*** DATASET EXTRACT ***

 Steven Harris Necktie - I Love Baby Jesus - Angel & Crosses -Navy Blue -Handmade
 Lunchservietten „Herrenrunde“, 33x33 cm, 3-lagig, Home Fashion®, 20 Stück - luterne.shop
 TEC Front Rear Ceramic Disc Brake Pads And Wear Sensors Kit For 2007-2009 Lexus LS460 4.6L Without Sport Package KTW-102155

***

■ **WHAT THE EXERCISE ASKS**
What you return should match, exactly, the stretch of the listing above that runs from the line with "Stück - luterne.shop" to its last line.

■ **PROBLEM SOLUTION**
 Lunchservietten „Herrenrunde“, 33x33 cm, 3-lagig, Home Fashion®, 20 Stück - luterne.shop
 TEC Front Rear Ceramic Disc Brake Pads And Wear Sensors Kit For 2007-2009 Lexus LS460 4.6L Without Sport Package KTW-102155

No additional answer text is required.